Abstract

Incisional herniation represents a significant, and often underestimated, drawback to invasive abdominal surgery. With anything up to 20% of patients developing an incisional hernia at some stage postoperatively, the effects on those affected – poor cosmesis, social embarrassment, impaired quality of life – represent a major detriment to the nation's abdominal surgical population, even before the more obvious problems of pain, strangulation and skin erosion are considered.
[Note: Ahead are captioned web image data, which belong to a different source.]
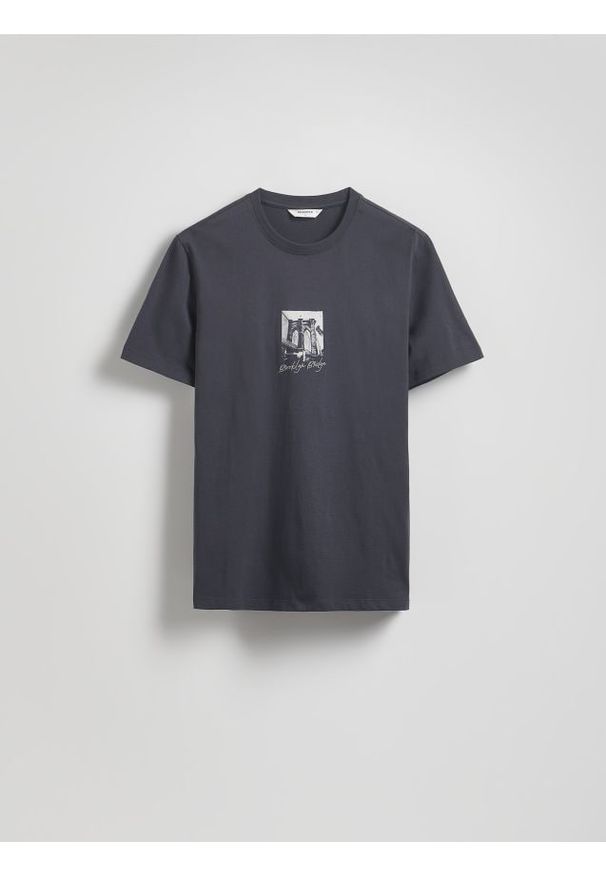Reserved - T-shirt regular z nadrukiem - ciemnoszary. Kolor: szary. Materiał: dzianina, bawełna. Wzór: nadruk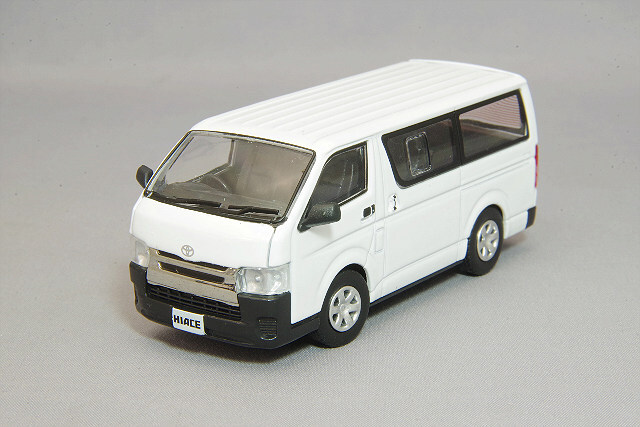 64/1Majorette ハイエース Era Car(エラカー）初購入 1/64 トヨタ ハイエース Black Van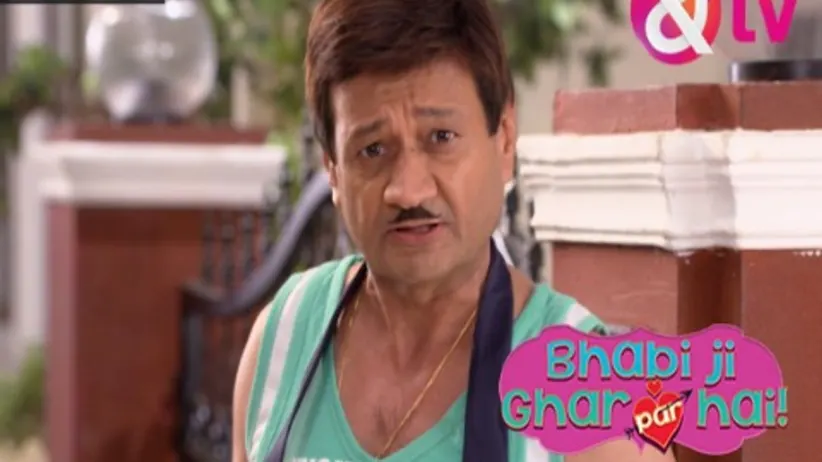 Anita wants Vibhuti to close his shop - Bhabi Ji Ghar Par Hai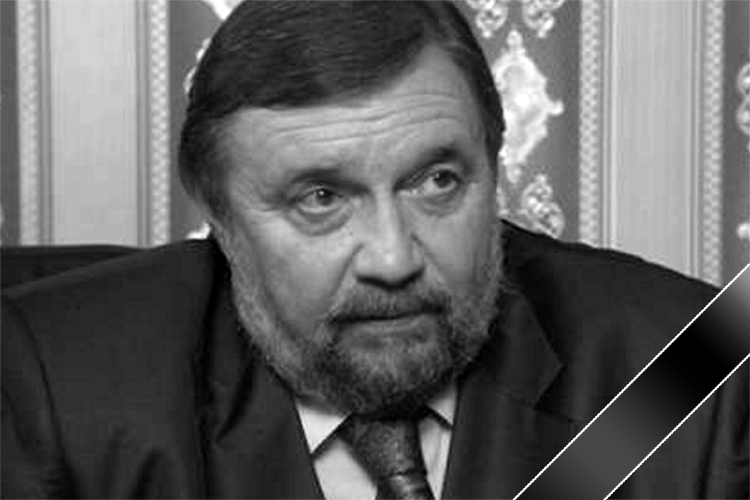 Умер режиссер детективных сериалов про сыщика Гурова Федор Петрухин. Ему было 72 год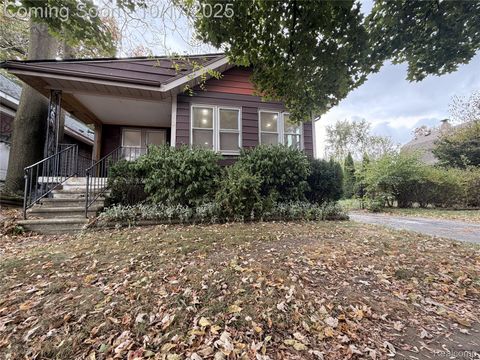 600 E Oakridge Street Ferndale City MI 48220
There will be no imminent shortage of patients requesting incisional hernia repair. But how should they be best served? As with other forms of hernia repair, the debate regarding suture versus mesh repair should probably be considered obsolete. But is laparoscopic surgery a reasonable alternative to open mesh repair, or even the preferred solution? Laparoscopic incisional hernia repair is clearly technically feasible, and its potential advantages – reduced postoperative pain, shorter hospital stay, increased patient satisfaction – are clearly enticing. Banerjea and Bhargava cite meta-analyses supporting the benefits of the laparoscopic route, although perhaps of interest is the relative lack of evidence for any significant reduction in recurrence rates. Kingsnorth argues that large and complex incisional hernias, especially those with loss of domain, can only be repaired using open surgery, with component separation techniques facilitating fascial closure and onlay mesh re-inforcement. Such hernias probably remain beyond the scope of laparoscopic surgery, but the optimal treatment for smaller hernias remains contentious. As with many other areas of healthcare, prevention – in the form of fewer open and more laparoscopic abdominal procedures – may be preferable to cure.